Nous nous sommes retrouvés sur Facebook en 2010. Nous avons échangé quelques messages. Il m’a envoyé sa photo avec Cecilia. Je lui ai envoyé quelques photos prises à Ajaccio (mais pas celle de l’île de la Gorgone, prise depuis le Cap Corse) et un article du Monde sur le livre de Laure Murat consacré aux hommes qui se prennent pour Napoléon.
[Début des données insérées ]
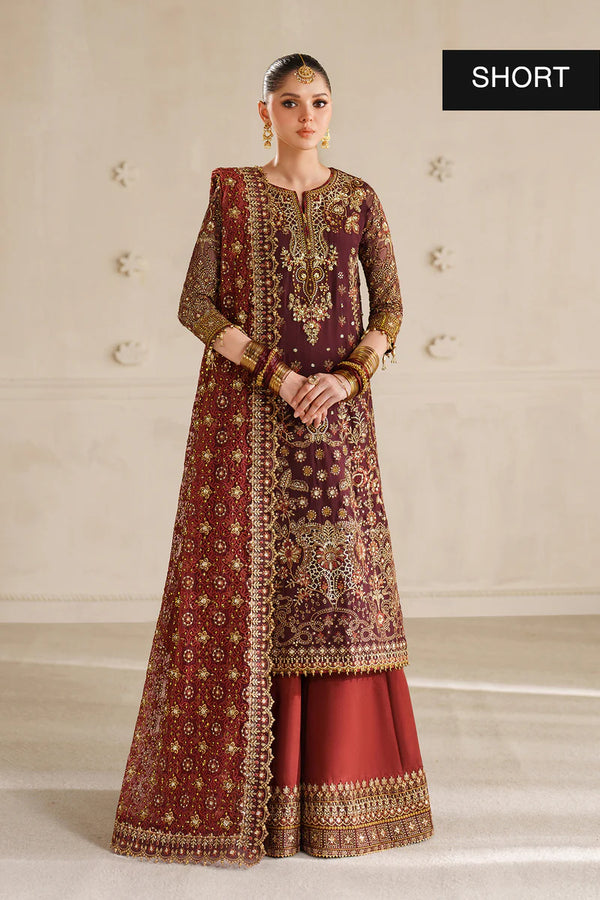 PRE ORDER - Baroque By SajhDajh - Royal Bemberg Embroidered Chiffon Outfit with Net Dupatta - Ready to Wear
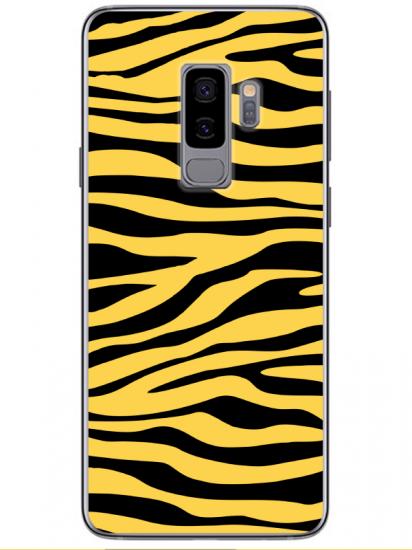 Samsung S9 Zebra Desen Sarı Telefon Kılıfı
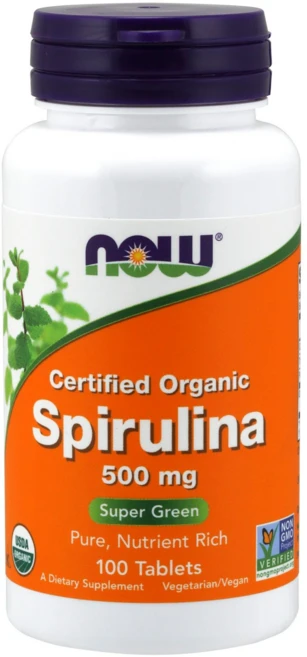 나우푸드 스피루리나 500mg 타블렛 글루텐 프리 비건, 1개, 100정 - 쿠팡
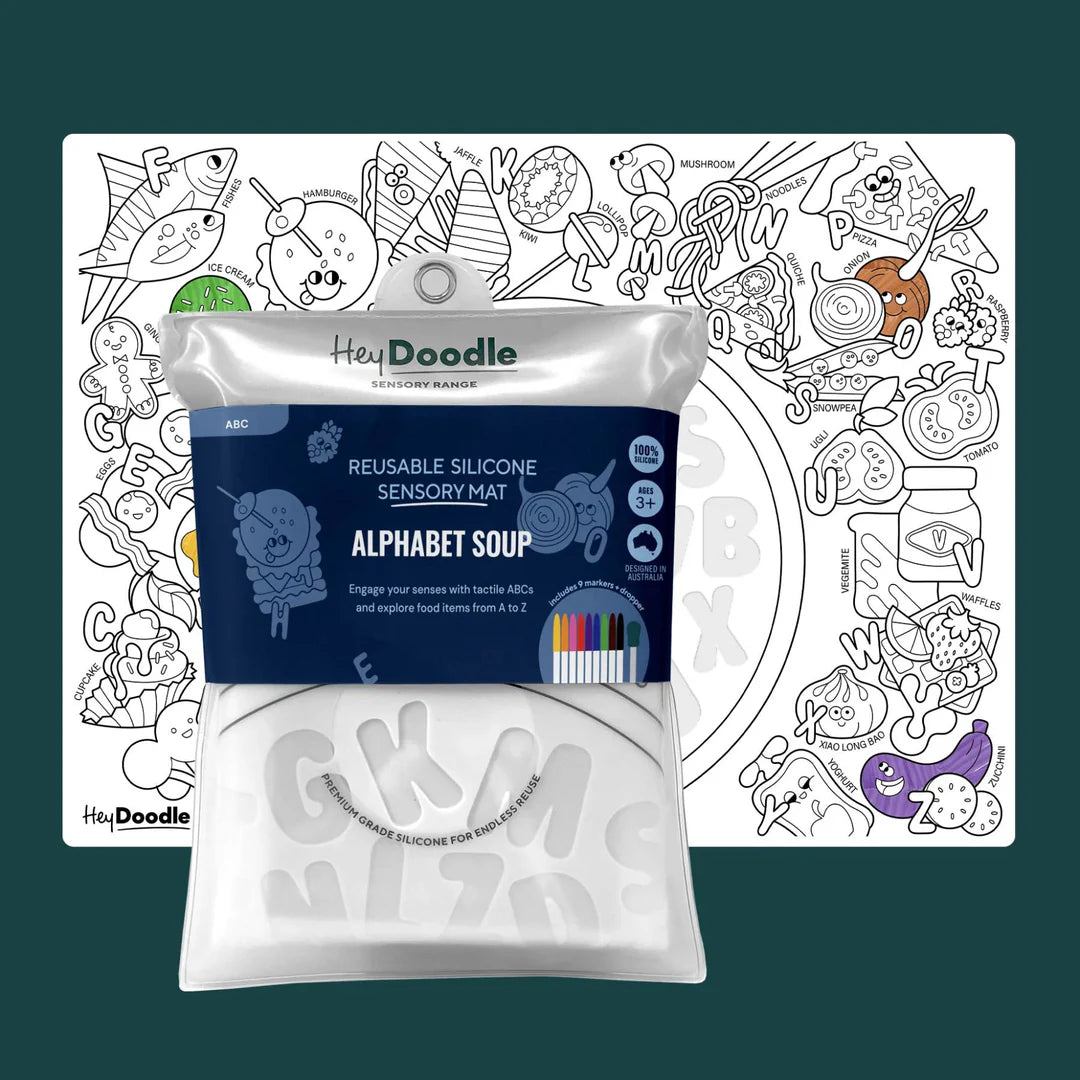 Reusable silicone sensory mat with alphabet soup theme and 'Hey Doodle' branding.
Il m’avait répondu « J’ai fait son interview et ce qui est marrant c’est qu’elle est Princesse Murat descendante en droite ligne de Murat (et de Ney par son arrière grand-mère qui était Cécile Ney d’Elchingen arrière petite fille du Maréchal) mais bon on a surtout parlé du livre. » En avril 2021, je suis allé avec Mina en Ecosse, le pays de Bill Balantine, et, à Saint-Andrews, j’ai pris quelques photos des champs de golf et d’affiches, de statues célébrant les gloires de ce jeu, en me proposant de les lui envoyer. Je savais que c’était sa nouvelle passion, qu’il l’avait transmise à Robert Stéphane, alors administrateur général de la RTBF comme celui-ci me le raconta un jour dans l’ascenseur de la Résidence André Dumont. J’ai tardé à les lui envoyer. Il ne répondait plus à mes messages, je craignais de l’avoir froissé. Je ne savais pas qu’il était malade, qu’il allait mourir.
Voilà, mon vieux. J’ai tardé à écrire cet hommage contradictoire. Mais, dans ces promenades où je me réinvente Paris, ton souvenir a sa place.